The Effect of Parkinson Drug Timing on Cardiovascular Response during Treadmill Exercise in a Person with Parkinson Disease and Freezing of Gait

Cheryl M Petersen *,, Reid Nelson *, Teresa M Steffen
PMCID: PMC3740984  PMID: 24403689

ABSTRACT

Purpose: To examine the response of cerebral oxygenation during treadmill walking in a person with Parkinson disease (PD) who experiences freezing of gait (FOG) and to determine whether the oxygen response was related to the timing of his PD medication. Client Description: A 61-year-old man with PD performed two bouts of treadmill testing on the same day, during the on- and off-phases of his PD medication. Measures and Outcome: The client experienced two FOG episodes during the first testing session (on-phase with hypokinetic movement session). Cerebral oxygen response (measured by near-infrared spectroscopy) was stable until the FOG episodes occurred, at which point it decreased until the FOG episode was over. No electrocardiogram (ECG) changes or lightheadedness were noted; blood pressure (BP) remained stable. During the second exercise testing session (off-phase with dyskinetic movement session), the client did not experience any FOG episodes, and his cerebral oxygen response remained stable. Toward the end of the second testing session, he experienced lightheadedness and a drop in BP of approximately 30 mmHg, along with significant ST segment depression on his ECG. Implications: Haemodynamic and cerebral oxygen changes occurred that were specific to the timing of the client's PD medication and to his FOG episodes. This case study shows a person with PD demonstrating decreased cerebral oxygenation during FOG, which may be based on his variable response to levodopa medication or may be attributable to as yet unidentified physiologic mechanisms.

Key Words: blood pressure, exercise, levodopa, near-infrared spectroscopy, Parkinson disease


Parkinson disease (PD) is a neurodegenerative disorder associated with dopaminergic and non-dopaminergic pathology. A common clinical manifestation of PD is freezing of gait (FOG),1 which may be related to progression of the disease.2 It has been suggested that the basic mechanism of FOG is multifactorial, involving fundamental control of timing and step scaling, affective and cognitive states, and possible disturbances of higher-level motor control and visual perception.3 Levodopa is often used to improve motor function in people with PD. A phenomenon known as wearing-off may complicate levodopa therapy;1 this phenomenon may be influenced by factors such as duration of therapy, age, levodopa dose, and ongoing nigrostriatal system degeneration.4

Pharmacologic strategies to manage wearing-off attempt to provide more continuous stimulation of post-synaptic striatal dopamine receptors by administering more frequent doses.4 In the medication off-phase (when dopamine levels are lowest),5 FOG responds well to levodopa, which suggests that dopamine deficiency may be the underlying pathophysiology.6 Unfortunately, side effects of levodopa may include dyskinesia and hypotension,1,7 and if these occur, levodopa use is often reduced, resulting in bradykinesia. This creates a dilemma for the person with PD between levodopa-induced dyskinesia and hypotension (both of which can increase the risk of falling) and using less levodopa (which means living with bradykinesia).

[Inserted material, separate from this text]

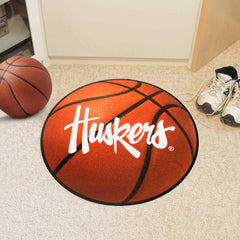 Nebraska Cornhuskers Basketball Rug - 27in. Diameter - Nebraska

For people with PD, treadmill training can improve gait symmetry, speed, and rhythm, which may reduce FOG episodes by controlling timing and step scaling.810 Animal studies using a basal ganglia injury model have shown an exercise-induced neuroprotective mechanism,11,12 while human studies of PD have demonstrated improvements in motor performance with treadmill training using both visual and auditory external cueing.8,9,13 Treadmill exercise may improve the release and uptake of dopamine to maintain normal synaptic connections, possibly via greater cerebral oxygenation and the release of neurotrophic factors, which together promote cell survival and new cell growth.14 Specific mechanisms linking dopaminergic release, transmission, or receptor binding with exercise are not known.11

Dysfunction of the autonomic nervous system can occur in people with PD, increasing their risk of developing blood pressure (BP) abnormalities,15 which may be further affected by levodopa therapy, the progression of PD, or both.7 During the off-phase of levodopa, BP has been reported to be higher than during the on-phase.16 Medication timing may also affect how BP and heart rate (HR) respond to exercise. However, DiFrancisco and colleagues (2009)17 have shown that the blunted BP and HR responses to exercise are more a manifestation of the disease than a function of the on- or off-phase of the medication.

In addition, abnormalities of autonomic regulation have been shown to alter the normal BP response to exercise, leading to reductions in tissue perfusion that potentially compromise cerebral oxygenation in people with PD.17 This phenomenon may be exacerbated by a wearing-off effect of levodopa.7 Although brain imaging and cerebral perfusion have been studied in people with FOG,18 we are not aware of any studies that have examined cerebral perfusion/oxygenation during the actual FOG episode during ambulation.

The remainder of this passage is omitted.